Duke Performances hosted a six-day residency with acclaimed composer, singer, and violinist Jenny Scheinman during the spring of 2015. It culminated with the sold-out world premiere of Kannapolis: A Moving Portrait, a piece commissioned by Duke Performances. For the work, Scheinman composed new folk songs and fiddle music to accompany H. Lee Waters’ films of life in the Piedmont in the early 1940s. Joined by multi-instrumentalists Robbie Fulks and Robbie Gjersoe, Scheinman performed her suite of music in Reynolds Theater as the film was screened.
Waters was an itinerant and enterprising photographer and filmmaker based in North Carolina. To make his Movies of Local People he would visit a town and shoot candid footage of the residents. After he assembled a movie he would return to the town, where, for the price of a ticket, townspeople could see themselves on the screen, usually for the very first time. A large collection of his films is housed in Duke’s David M. Rubenstein Rare Book & Manuscript Library and also available online.
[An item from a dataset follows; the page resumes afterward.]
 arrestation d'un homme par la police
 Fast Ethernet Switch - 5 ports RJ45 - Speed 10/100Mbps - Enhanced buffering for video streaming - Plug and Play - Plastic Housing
For Kannapolis, clips drawn from the archive were stitched together by film director Finn Taylor.
While in residence, Scheinman and her collaborators participated in a variety of engagements with the Duke and Durham communities, including: a visit to Margaret Sartor’s “Photography in Context” class, in which Scheinman discussed her experience creating a new work incorporating archival materials; a brown-bag lunch at the Center for Documentary Studies, in which she described her process in creating the new project; a visit to Robert Zimmerman’s “Songwriter’s Vocabulary” class, in which she discussed her work as a composer and songwriter and offered feedback to students who shared their own songs; and a public conversation moderated by Tom Rankin, in which Scheinman and Finn Taylor discussed the experience of working with Waters’ films and with each other.
Kannapolis is the second installment in Duke Performances’ From the Archives initiative, in which performing artists create works engaging archival materials from the Rubenstein Library (the first project, Corduroy Roads, by guitarist William Tyler, drew on photographs from the Civil War). The collaborations raise public awareness of the library’s rich, multifaceted collections while providing artists with compelling material for new works. The Waters archive is an incredible window into North Carolina history. With its contemporary evocation of the traditional sounds of the region, Scheinman’s music brings this parade of humanity from the past into conversation with the present.